A família protege os seus membros. Por isso é família. Maria e José deixam o caminho para procurar Jesus. Um dia será Jesus a sair do caminho, para encontrar os descaminhados, os que estão à margem, fora do caminho, fazendo-os regressar…
Chegam perto de Jesus, e não discutem com Ele, mostram a preocupação e perguntam-lhe pela razão de ter procedido daquele modo. Mais uma lição importante para pais, para educadores, para a forma como lidar uns com os outros. Perguntar. Escutar as razões dos outros. Tentar compreender o porquê de determinada atitude.
No mesmo registo, a epístola de São Paulo aos Colossenses com as seguintes recomendações:
"Revesti-vos de sentimentos de misericórdia, de bondade, humildade, mansidão e paciência. Suportai-vos uns aos outros e perdoai-vos mutuamente, se algum tiver razão de queixa contra outro... Acima de tudo, revesti-vos da caridade, que é o vínculo da perfeição. Reine em vossos corações a paz de Cristo, à qual fostes chamados para formar um só corpo... E tudo o que fizerdes, por palavras ou por obras, seja tudo em nome do Senhor Jesus, dando graças, por Ele, a Deus Pai. Esposas, sede submissas aos vossos maridos, como convém no Senhor. Maridos, amai as vossas esposas e não as trateis com aspereza. Filhos, obedecei em tudo a vossos pais, porque isto agrada ao Senhor. Pais, não exaspereis os vossos filhos, para que não caiam em desânimo".
Ainda que a linguagem possa ser instrumentalizada, fica claro, que o importante é proceder como Jesus, amar, perdoar, tratar os outros com delicadeza, com bondade, colocando os outros em primeiro lugar.
5 – Voltemos uma vez mais à narrativa evangélica.

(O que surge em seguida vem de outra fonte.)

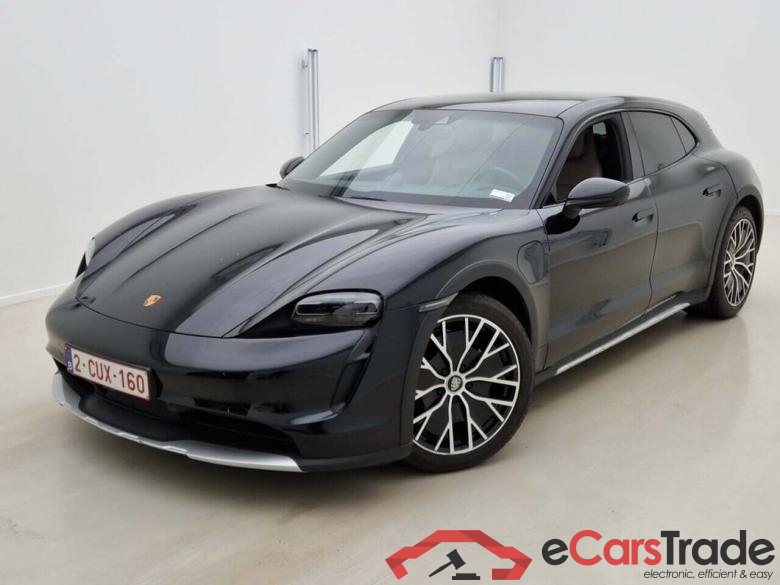 PORSCHE TAYCAN CROSS TURISMO 4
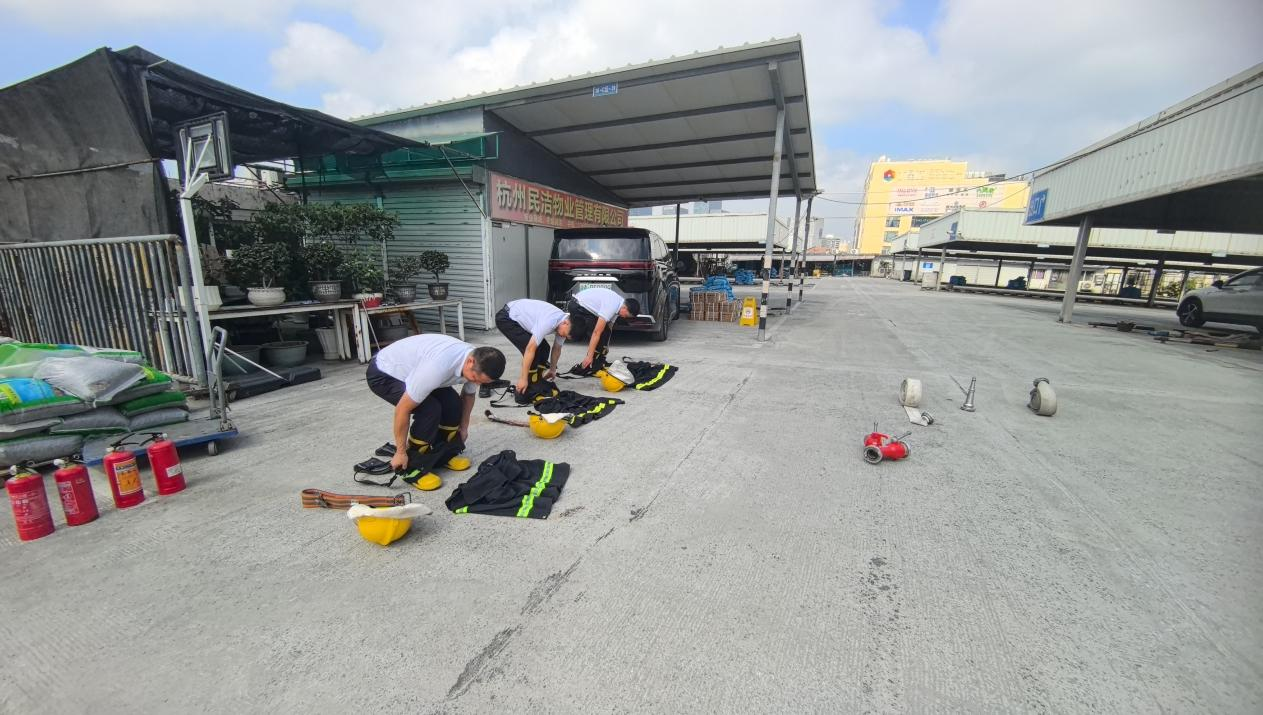 以賽促防強技能 積極備戰(zhàn)消防運動會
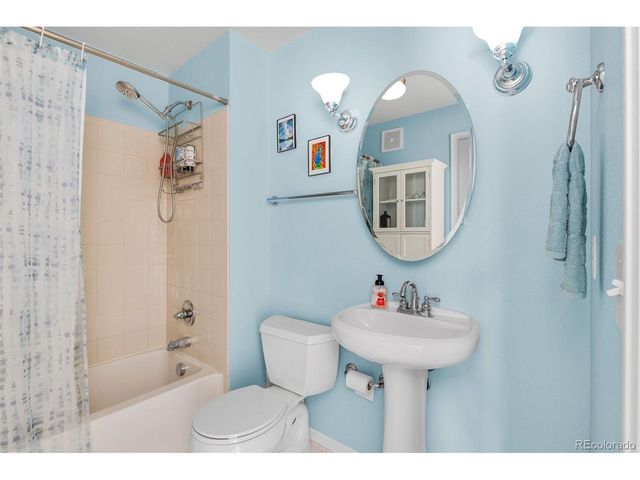 9481 E Mansfield Ave 207, Aurora, CO 80014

Maria, José e Jesus voltam juntos para casa. São família na festa e na dificuldade. Maria e José não deixam o filho para trás. Perderam-no e vão procurá-lo. Não exasperam. Interrogam e deixam que Ele explique. Não percebem muito bem. O que Jesus lhes diz ultrapassa a sua compreensão humana. Mas agora é tempo de recuperar caminho, de regressar a casa. Maria (e José com ela) guarda todas aquelas coisas no coração, medita-as. Jesus não contesta a “repreensão” de Maria. Regressa com os pais, em atitude filial, obediente, crescendo com eles em graça e sabedoria.
Ao carinho, amor e cuidado dos pais pelos filhos há de corresponder o respeito, a escuta, a obediência, o amor e o cuidado dos filhos pelos pais. Bem Sirá, inspirado pelo Espírito de Deus, deixa-nos uma preciosidade:
“Deus quis honrar os pais nos filhos e firmou sobre eles a autoridade da mãe. Quem honra seu pai obtém o perdão dos pecados e acumula um tesouro quem honra sua mãe. Quem honra o pai encontrará alegria nos seus filhos e será atendido na sua oração. Quem honra seu pai terá longa vida, e quem lhe obedece será o conforto de sua mãe. Filho, ampara a velhice do teu pai e não o desgostes durante a sua vida. Se a sua mente enfraquece, sê indulgente para com ele e não o desprezes, tu que estás no vigor da vida, porque a tua caridade para com teu pai nunca será esquecida e converter-se-á em desconto dos teus pecados”.
Amar. Eis o mandamento divino. Colocar Deus em primeiro lugar, e n'Ele a ligação essencial aos outros, aos pais, aos filhos, aos irmãos, aos vizinhos. Amar Deus, amando os que estão perto de nós. Como sublinhou Bento XVI, na noite de Natal, “Se a luz de Deus se apaga, apaga-se também a dignidade divina do homem. Então deixamos de ser, todos, irmãos e irmãs, filhos do único Pai que, a partir do Pai, se encontram interligados uns aos outros”.
Textos para
a Eucaristia (ano C): Sir 3, 3-7.14-17a; Col 3, 12-21; Lc 2, 41-52.